■ WHAT THE TASK ASKS ■
Entries below include pictures. Output exactly the lines from the one with "Salvage Ford Mustang" down to the one with "-Sydney- nude strip", both ends included, and leave the pictures out.

■ RECORDED DATA ■
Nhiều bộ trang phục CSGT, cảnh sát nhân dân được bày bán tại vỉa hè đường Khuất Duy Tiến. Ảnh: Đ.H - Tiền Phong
---
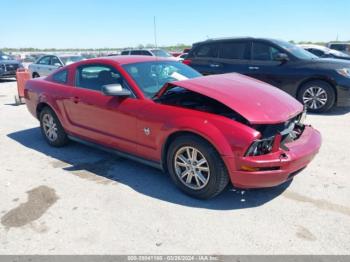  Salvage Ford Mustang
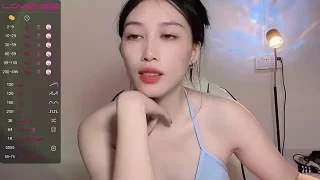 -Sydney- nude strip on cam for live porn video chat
--
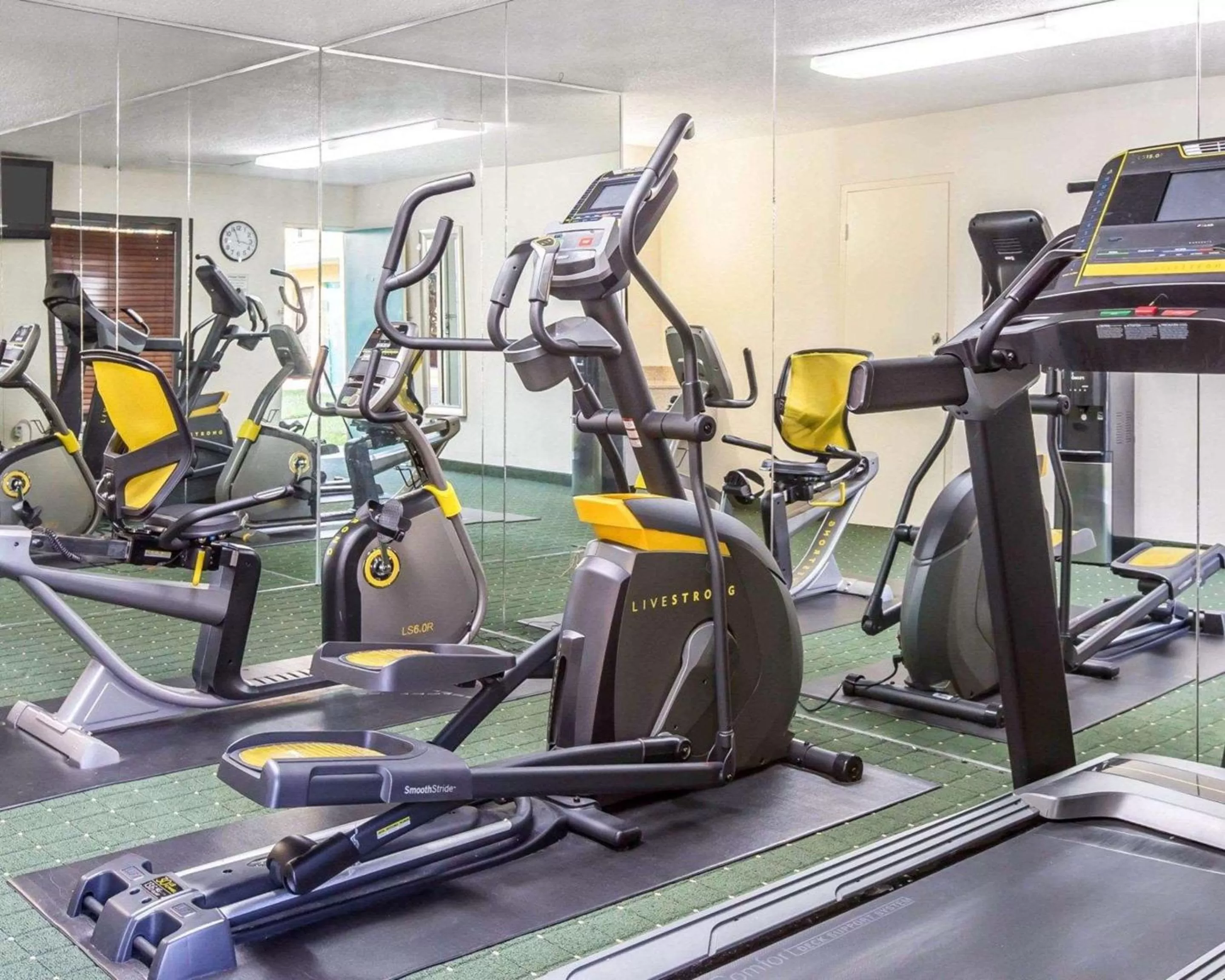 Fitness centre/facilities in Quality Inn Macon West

■ REPLY ■
  Salvage Ford Mustang
 -Sydney- nude strip on cam for live porn video chat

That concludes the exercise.